From d2dc095f4280ad5fdea33769e8e119fd16648426 Mon Sep 17 00:00:00 2001
From: Namjae Jeon <namjae.jeon@samsung.com>
Date: Sun, 4 Aug 2013 23:10:15 +0900
Subject: f2fs: add sysfs entries to select the gc policy

Add sysfs entry gc_idle to control the gc policy. Where
gc_idle = 1 corresponds to selecting a cost benefit approach,
while gc_idle = 2 corresponds to selecting a greedy approach
to garbage collection. The selection is mutually exclusive one
approach will work at any point. If gc_idle = 0, then this
option is disabled.

Cc: Gu Zheng <guz.fnst@cn.fujitsu.com>
Signed-off-by: Namjae Jeon <namjae.jeon@samsung.com>
Signed-off-by: Pankaj Kumar <pankaj.km@samsung.com>
Reviewed-by: Gu Zheng <guz.fnst@cn.fujitsu.com>
[Jaegeuk Kim: change the select_gc_type() flow slightly]

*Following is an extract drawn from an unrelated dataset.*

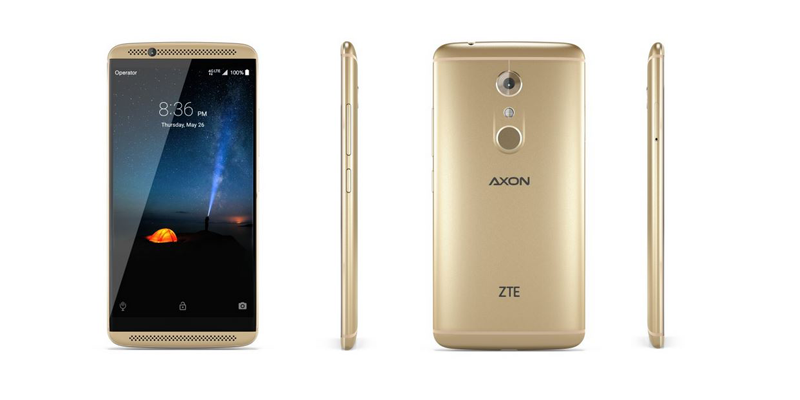 Zte-axon-7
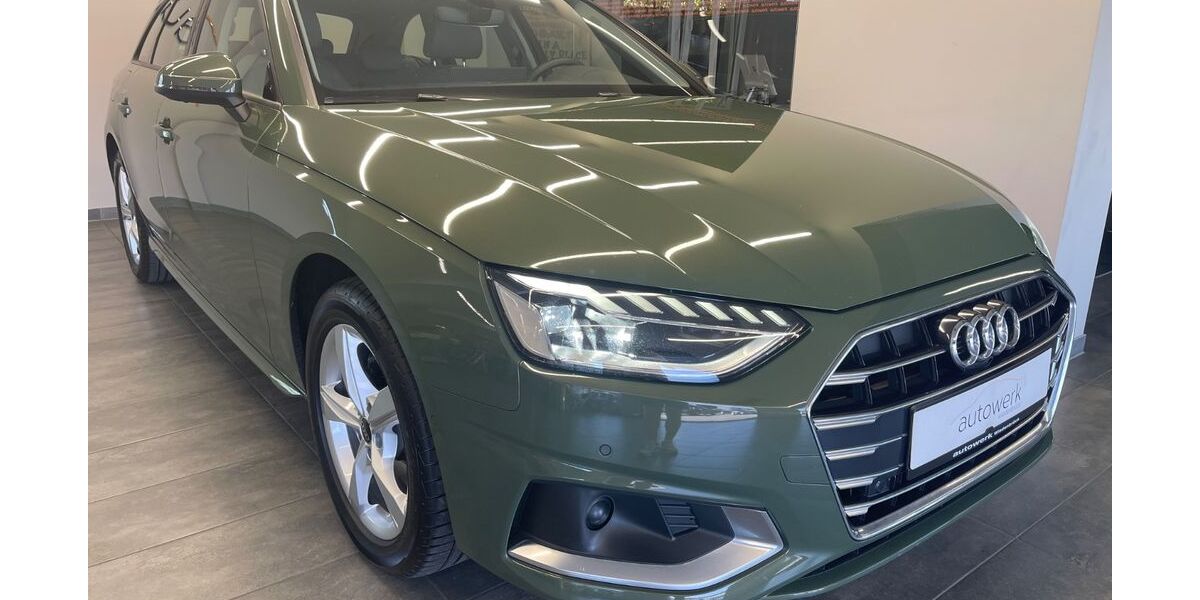 Audi A4 87.000 km 23.499 &euro; Rheda-Wiedenbrück 33378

Signed-off-by: Jaegeuk Kim <jaegeuk.kim@samsung.com>
---
 Documentation/ABI/testing/sysfs-fs-f2fs |  6 ++++++
 Documentation/filesystems/f2fs.txt      |  6 ++++++
 fs/f2fs/gc.c                            | 16 +++++++++++++---
 fs/f2fs/gc.h                            |  3 +++
 fs/f2fs/super.c                         |  2 ++
 5 files changed, 30 insertions(+), 3 deletions(-)

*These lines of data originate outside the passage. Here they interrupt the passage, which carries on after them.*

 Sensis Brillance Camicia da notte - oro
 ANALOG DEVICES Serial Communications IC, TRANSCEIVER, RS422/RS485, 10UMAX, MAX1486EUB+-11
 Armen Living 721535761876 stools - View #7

(limited to 'fs/f2fs/gc.c')

diff --git a/Documentation/ABI/testing/sysfs-fs-f2fs b/Documentation/ABI/testing/sysfs-fs-f2fs
index 98e53a09530..31942efcaf0 100644
--- a/Documentation/ABI/testing/sysfs-fs-f2fs
+++ b/Documentation/ABI/testing/sysfs-fs-f2fs
@@ -18,3 +18,9 @@ Contact:	"Namjae Jeon" <namjae.jeon@samsung.com>
 Description:
 		 Controls the default sleep time for gc_thread. Time
 		 is in milliseconds.
+
+What:		/sys/fs/f2fs/<disk>/gc_idle
+Date:		July 2013
+Contact:	"Namjae Jeon" <namjae.jeon@samsung.com>
+Description:
+		 Controls the victim selection policy for garbage collection.

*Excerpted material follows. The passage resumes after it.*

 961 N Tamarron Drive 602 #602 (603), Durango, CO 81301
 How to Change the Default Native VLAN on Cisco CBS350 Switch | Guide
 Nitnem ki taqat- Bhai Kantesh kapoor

diff --git a/Documentation/filesystems/f2fs.txt b/Documentation/filesystems/f2fs.txt
index 5daf3bb2eef..3cd27bed634 100644
--- a/Documentation/filesystems/f2fs.txt
+++ b/Documentation/filesystems/f2fs.txt
@@ -158,6 +158,12 @@ Files in /sys/fs/f2fs/<devname>
                               time for the garbage collection thread. Time is
                               in milliseconds.
 
+ gc_idle                      This parameter controls the selection of victim
+                              policy for garbage collection. Setting gc_idle = 0
+                              (default) will disable this option. Setting
+                              gc_idle = 1 will select the Cost Benefit approach
+                              & setting gc_idle = 2 will select the greedy aproach.
+
 ================================================================================
 USAGE
 ================================================================================
diff --git a/fs/f2fs/gc.c b/fs/f2fs/gc.c
index 60d4f674efa..d286d8be8e6 100644
--- a/fs/f2fs/gc.c
+++ b/fs/f2fs/gc.c
@@ -106,6 +106,8 @@ int start_gc_thread(struct f2fs_sb_info *sbi)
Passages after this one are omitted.